Evaluation of the sustainability of an intervention to increase HIV testing

Matthew Bidwell Goetz et al. J Gen Intern Med. 2009 Dec.

Abstract

Background: Sustainability-the routinization and institutionalization of processes that improve the quality of healthcare-is difficult to achieve and not often studied.

Objective: To evaluate the sustainability of increased rates of HIV testing after implementation of a multi-component intervention in two Veterans Health Administration healthcare systems.

Design: Quasi-experimental implementation study in which the effect of transferring responsibility to conduct the provider education component of the intervention from research to operational staff was assessed.

Patients: Persons receiving healthcare between 2005 and 2006 (intervention year) and 2006 and 2007 (sustainability year).

Measurements: Monthly HIV testing rate, stratified by frequency of clinic visits.

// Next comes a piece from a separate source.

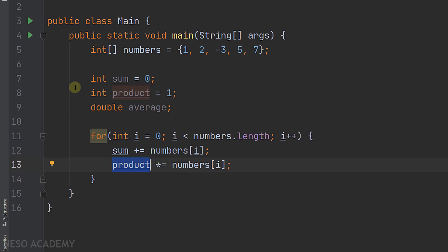After that it will be multiplied by the third element, so it is now equal to the product of the first three elements. This will continue until we reach the last element, and this is how we will get the product of the elements of our array.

Results: The monthly adjusted testing rate increased from 2% at baseline to 6% at the end intervention year and then declined reaching 4% at the end of the sustainability year. However, the stratified, visit-specific testing rate for persons newly exposed to the intervention (i.e., having their first through third visits during the study period) increased throughout the intervention and sustainability years. Increases in the proportion of visits by patients who remained untested despite multiple, prior exposures to the intervention accounted for the aggregate attenuation of testing during the sustainability year. Overall, the percentage of patients who received an HIV test in the sustainability year was 11.6%, in the intervention year 11.1%, and in the pre-intervention year 5.0%

Conclusions: Provider education combined with informatics and organizational support had a sustainable effect on HIV testing rates. The effect was most pronounced during patients' early contacts with the healthcare system.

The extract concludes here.